Lynne Watson

Personal information
- Full name: Lynette Pamella Watson
- Nickname: "Lynne"
- National team: Australia
- Born: 22 November 1952 (age 73) Perth, Western Australia
- Height: 1.72 m (5 ft 8 in)
- Weight: 60 kg (132 lb)

Sport
- Sport: Swimming
- Strokes: Backstroke, freestyle

Medal record
Women's swimming
Representing Australia
Olympic Games
| Silver medal – second place | 1968 Mexico City | 4×100 m medley |
British Commonwealth Games
| Gold medal – first place | 1970 Edinburgh | 100 m backstroke |
| Gold medal – first place | 1970 Edinburgh | 200 m backstroke |
| Gold medal – first place | 1970 Edinburgh | 4×100 m freestyle |
| Gold medal – first place | 1970 Edinburgh | 4×100 m medley |
| Silver medal – second place | 1970 Edinburgh | 100 m freestyle |

= Lynne Watson =

Australian swimmer

Lynnette Pamela Watson (born 22 November 1952), known after marriage as Lynne Bates, is an Australian backstroke swimmer of the 1960s, who won a silver medal in the 4×100-metre medley relay at the 1968 Summer Olympics in Mexico City, narrowly missing two more medals.

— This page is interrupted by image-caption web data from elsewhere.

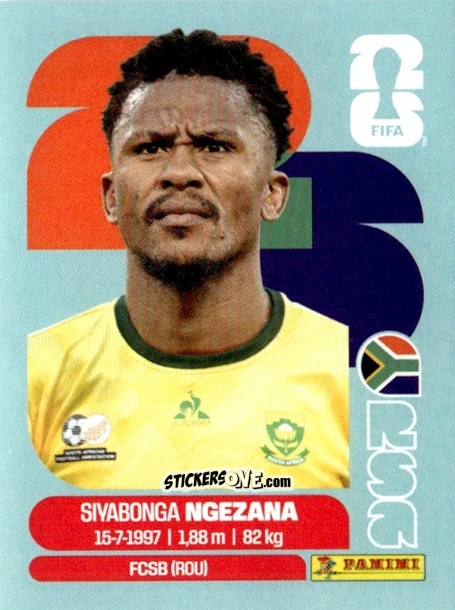 Cromo Siyabonga Ngezana - Fifa World Cup 2026. Standard Edition n. RSA8 - Panini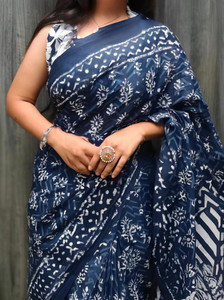 RJ CREATION Printed Daily Wear Pure Cotton Saree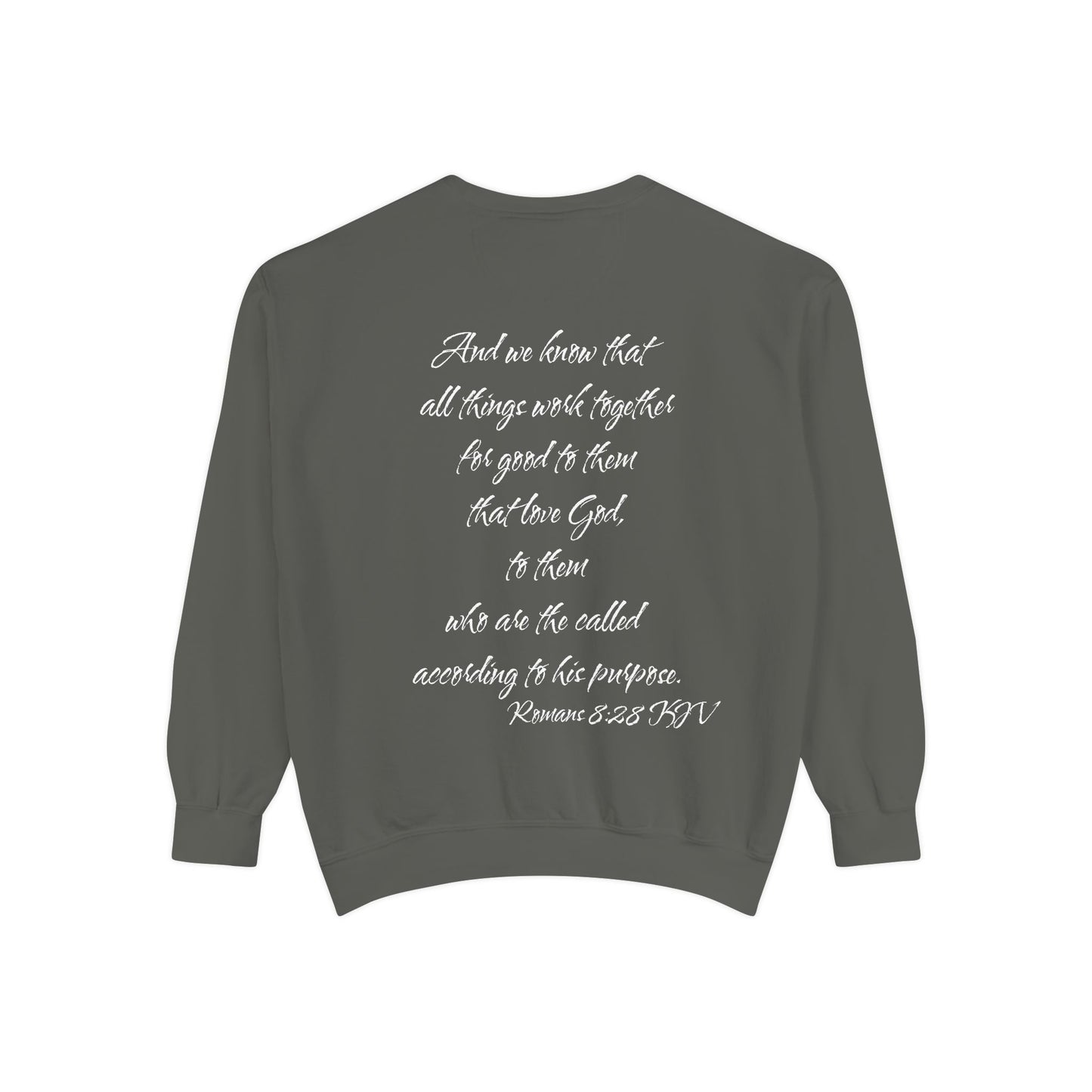 Romans 8:28 KJV Sweatshirt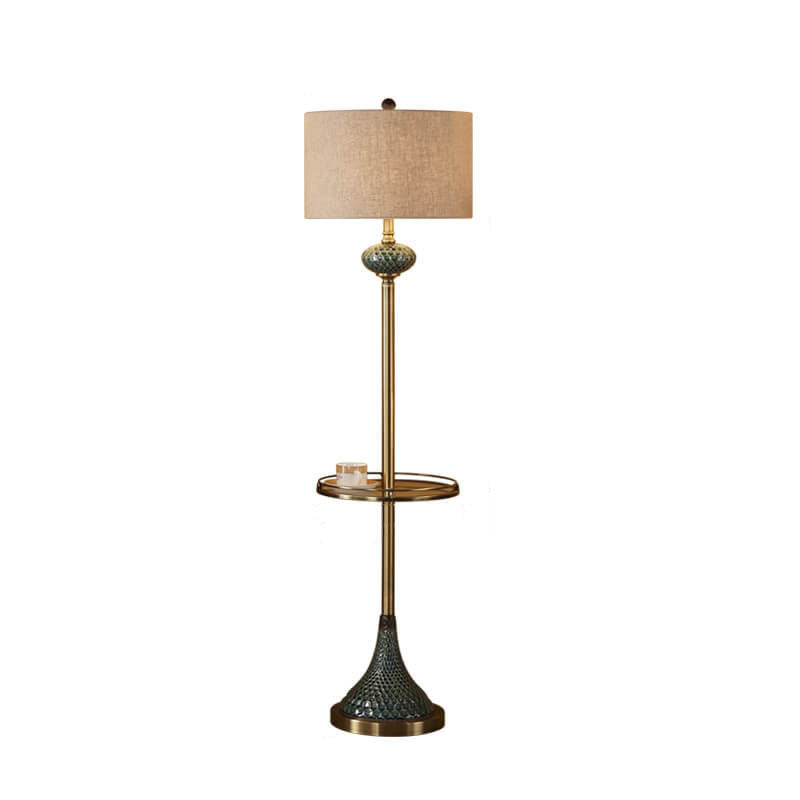 European Brown Floor Lamp
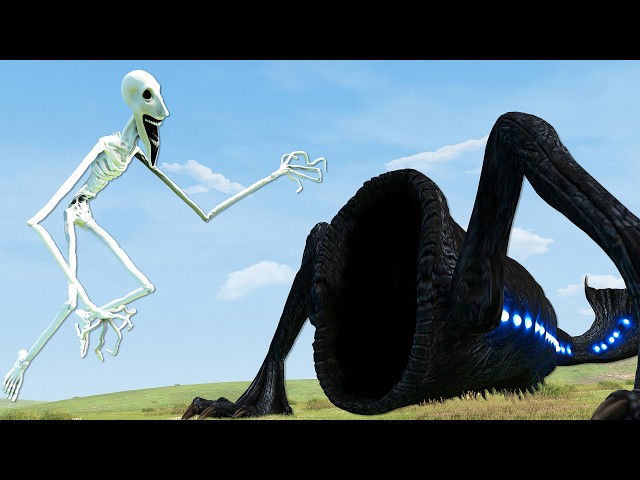 NEW ENTITY OF INFLUENCE VS ABYSS EATER MONSTER in Garry's Mod !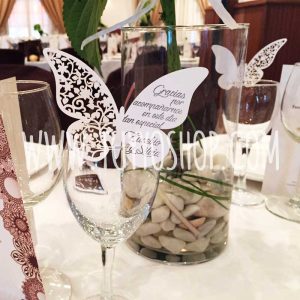 Sello personalizado para mariposas de agradecimiento mariposas de papel para bodas1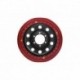 Диск усиленный Тойота Ниссан стальной черный 6x139,7 8xR16 d110 ET-19 с двойным бедлоком (красный)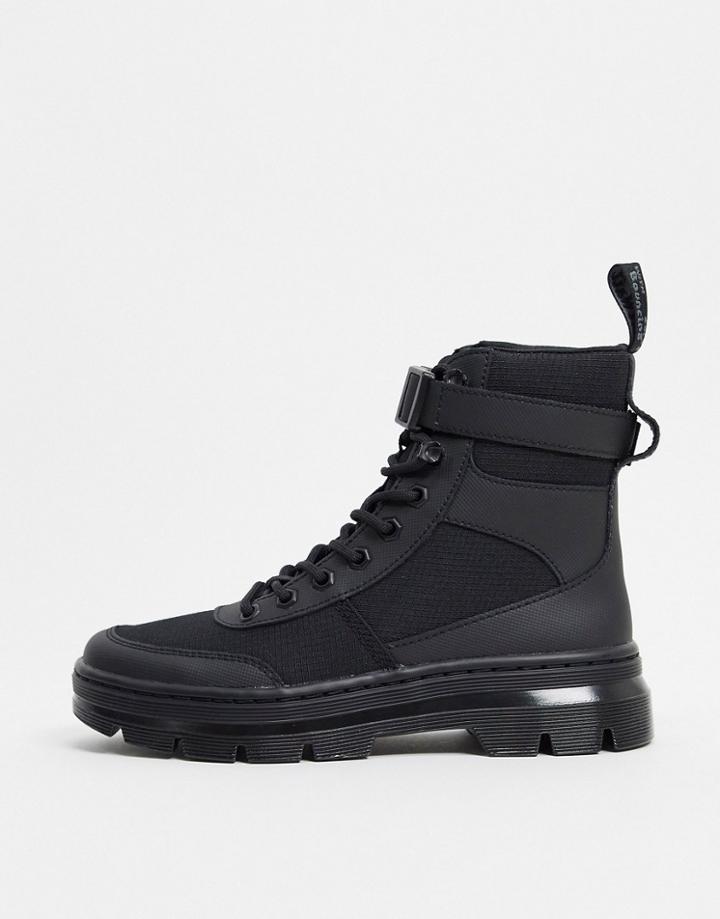 Dr Martens Combs Tech Ankle Strap Ankle Boots In Black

Coming from Western Australia, Watson combined with Janet Steinbeck, Lyn McClements and Judy Playfair to register a silver medal in the 4×100-metre medley relay, trailing the Americans home by 1.7 seconds. Competing in the individual 100-metre freestyle, Watson was eliminated in the semifinals. She placed sixth and fourth in the 100-metre and 200-metre backstroke respectively. She also finished fourth as part of the 4×100-metre freestyle relay team. Two years later at the 1970 Commonwealth Games, Watson won four gold medals in both backstroke events and in the 4×100-metre freestyle and medley relays, as well as a silver in the 100-metre freestyle. She later became a team administrator for Australia at the 1992 Summer Olympics in Barcelona.